The penitentiary is bad enough when it’s part of a God-centred culture; when part of one — even the US — where God is a shaky notion, then it’s a literal Hell. Its deeply anti-human nature does achieve what the Quakers sought, since many prisoners become believers out of the sheer need for someone to talk to, but it’s a counterfeit conversion, won through psychological warfare.

With 2 million Americans in prison, many of them in semi-penitentiary style incarceration, the prison system mirrors key aspects of American life — in particular the substantial atomisation and isolation of everyday life.
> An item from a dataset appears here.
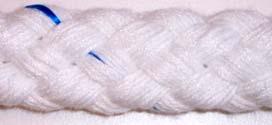 To order call: 209-632-9708 or fax 209-632-5420 Page 5 HOLLOW BRAIDED SPUN POLYESTER Feels like cotton, soft and fuzzy.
It even reflects much of the case at hand. Manning, a gay man, joined the military out of lack of direction, and found himself in a situation where he had to live the shadow-life of “don’t ask, don’t tell”. It was a relationship in Boston that brought him into contact with hackers such as Lamo — and the end of that relationship that plunged him into the loneliness and despair that prompted him to blab to Lamo. Lamo himself writes as a floating child of the aether — an isolated, disconnected depressive and chemically enhanced. There’s no doubting the genuineness of Manning’s outrage at much of the material he saw, but nor is there any doubt that the chaotic and unstable way in which this has all come about is a much a measure of the age, as is the content of the cables themselves. Their lives, and the punitive regimes Manning is under are of a piece with the war he was exposing, where a high-tech obsessed with notions of its own virtue could — as illustrated by the “collateral murder” video — distance itself from any consequences of individual action, any basic shared humanity.

What options there are for Manning now is anyone’s guess, but he’s in a tight corner. The WikiLeaks process has been part of an argument that governments should be more open, that power relations should be reconstructed in a new era. That’s not the same as saying that individual operatives should have the legal right to distribute as they wish. At some point, the prosecution of such an act becomes an act of decorum essential to the state’s existence, and to suggest that a massive classified document leak could be ignored is simply unreal. For Assange and WikiLeaks, a defence is clear and absolute. Manning erred in being human; his only hope may now lie in finding a quality of mercy. Judging by his treatment to date, that is a long way off.